Reimagining the role of insurance underwriters

Digital innovation, automation and artificial intelligence could help to free up underwriters, helping them focus on activities that can generate additional revenue and profits

Day Bishop
By Day Bishop on 06 December 2019
Reimagining the role of insurance underwriters

This article was originally published in the Autumn 2019 issue of The Record. Subscribe for FREE here to get the next issues delivered directly to your inbox.

Digital transformation continues to drive profound change within the insurance industry. Already, we’re seeing drones and telematics collecting data to support better informed risk selection, and automation and artificial intelligence (AI) being used to make claims management more efficient and improve the customer experience. But what about underwriting? How quickly and to what extent might we see technology, and automation in particular, transform the industry’s bastion of subjectivity?
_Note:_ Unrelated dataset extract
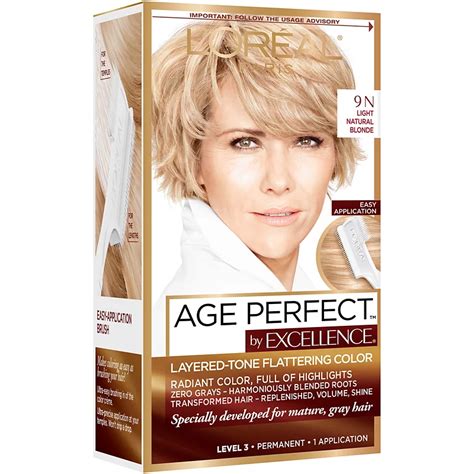 L'Oréal Paris Age Perfect Permanent Hair Color 9N Light Natural Blonde ...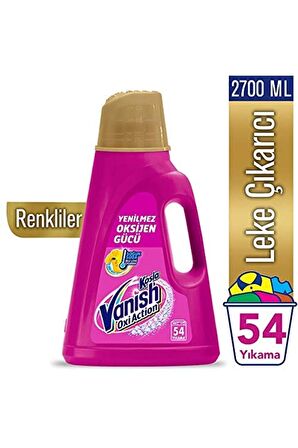 Kosla Vanish Oxi Action Renkliler İçin Leke Çıkarıcı 2700 Ml. - 54 Yıkama - 1 Adet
According to a Willis Towers Watson survey of US property and casualty companies, 90% of insurers plan to employ advanced analytics in underwriting/risk selection, including nearly all personal lines carriers, a majority of commercial lines insurers and a significant and rising number of specialty lines carriers. Much of this activity is focused on enhanced data usage and analysis.

The journey toward automation has been much slower, but it’s building momentum. Right now, 30% of companies say they use it, and an additional 37% said they’re planning to within the next two years.

Inevitably, greater automation will affect the underwriter’s role. The easiest way to consider how is to break the job down into specific activities and outcomes, which can then be categorised as repetitive or variable to assess the potential for automation.

For underwriters, repetitive tasks could include reviewing applications to determine the acceptability of a risk, ensuring underwriting guidelines are followed and quoting prices. Not only do insurers have the option of using automation or machine learning technologies to more efficiently complete repetitive tasks, but they might also want to consider taking advantage of the burgeoning talent platforms made up of independent workers offering specialised expertise. Time savings, cost and risk will generally be deciding factors, as well the need to address a widening talent gap as skilled talent starts to retire.

But companies considering automation and the extent to which it may alter the way they approach underwriting should first start by asking a couple of key questions: ‘What mix of efficiency and effectiveness are we aiming for?’ and ‘what’s the right balance of automation and judgment for the portfolio and the market segment we’re competing in?’

Answering these questions will be the first step toward intelligent automation and will help ensure that overriding underwriting goals are met, such as better risk selection, more consistent decision making and improved loss ratios. An insurer’s business model, the complexity and uniqueness of its underwritten risks, the markets it participates in and its geographic divers­ification will all need to be taken into account to determine relative weightings between automated process and judgment.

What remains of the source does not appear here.